Dog Parks: Merriment or Mayhem?

August 29, 2019

Group of dogs at park smelling each other.
In my last blog, I described a fight that took place at my local dog park. Since then, I’ve witnessed an even more violent attack where two dogs belonging to one man latched on to another dog and literally tried to pull the poor dog apart. I’ll save you the trauma of the details. The dog lived, but it was horrific and is something that will stay with me for a long time to come. No doubt it will stay with that poor dog as well.

Most owners consider dog parks fun places to let their dog play with others while they socialize as well. Dogs, like us, are social creatures, and it can be fun for them to romp  and make new friends. But ask any professional trainer whether dog parks are a good idea, and we’ll advise you against ever attending one. Why? Are we killjoys? Worrywarts? Over-the-top protective of our and our clients’ dogs? Nope. We just know too much and have seen too much. We’re all too aware that when a dog is attacked, even if no grave physical injury results, there is damage in the form of serious emotional distress. That’s bad enough in and of itself, but it can also result in the dog becoming fearful of or fear-reactive toward other dogs. That can happen even if a dog isn’t attacked but is simply bullied, which happens constantly at dog parks. Imagine the cumulative and lifelong impact, especially on a young puppy.
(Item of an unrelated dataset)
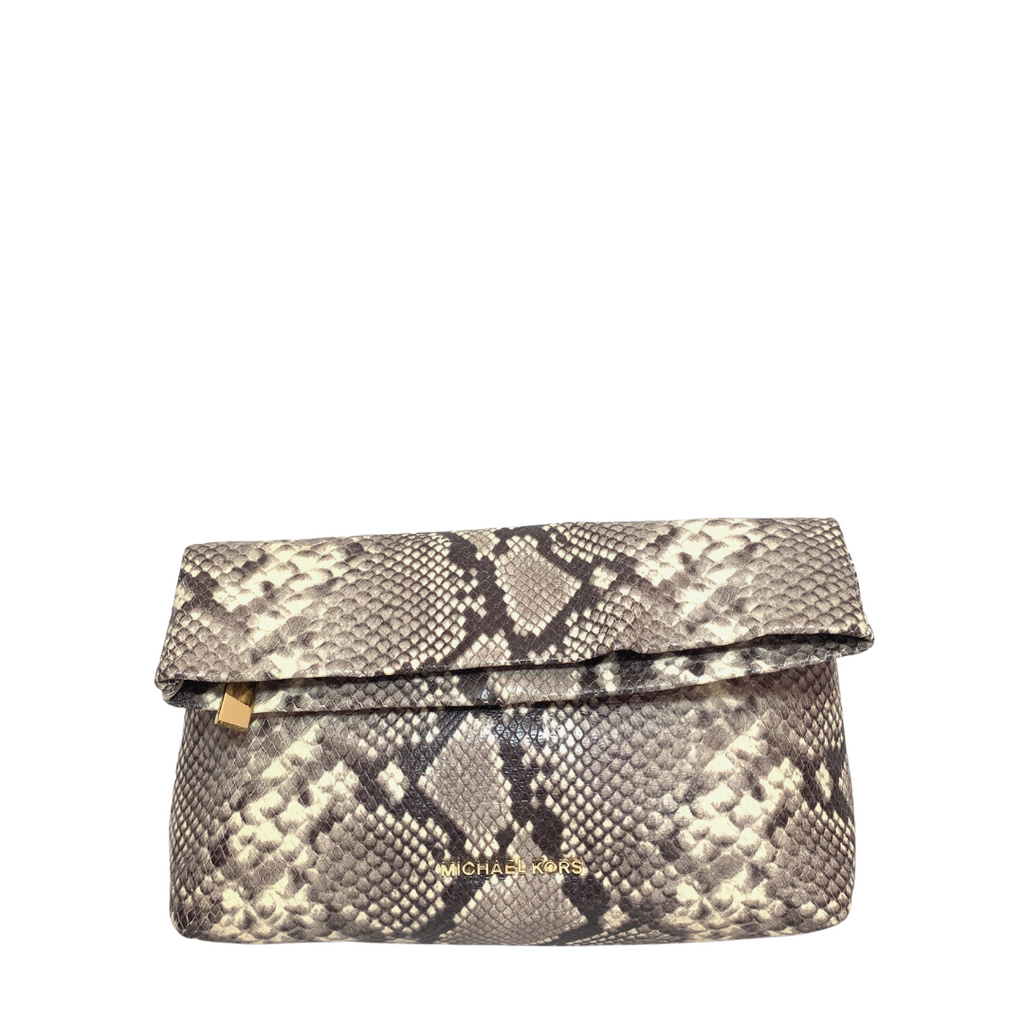 Michael Kors Grey Snakeskin Convertible Clutch Bag Gently Used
I don’t have kids but I if I did, I can’t imagine I’d let them play with a group of assorted marauding kids of all ages and temperaments, especially without checking things out first. And yet that’s exactly what happens when someone blindly enters a typical dog park. More often than not, dogs run toward the newcomer, surrounding the dog, sniffing, jumping on, humping, or snapping at him. Welcome to the park! Even if there’s no overtly aggressive behavior, that forced attention can be overwhelming and some dogs don’t do well with it. There are also many dogs who, once inside, don’t find the experience fun at all. I’ve seen dogs hide behind their owners or climb or jump on their person repeatedly in distress, only to be told to go play. And I’ve seen many dogs who repeatedly target other dogs and bully them or get into fights over and over and yet are never reprimanded, because their owners aren’t watching, don’t realize what’s going on, or don’t care.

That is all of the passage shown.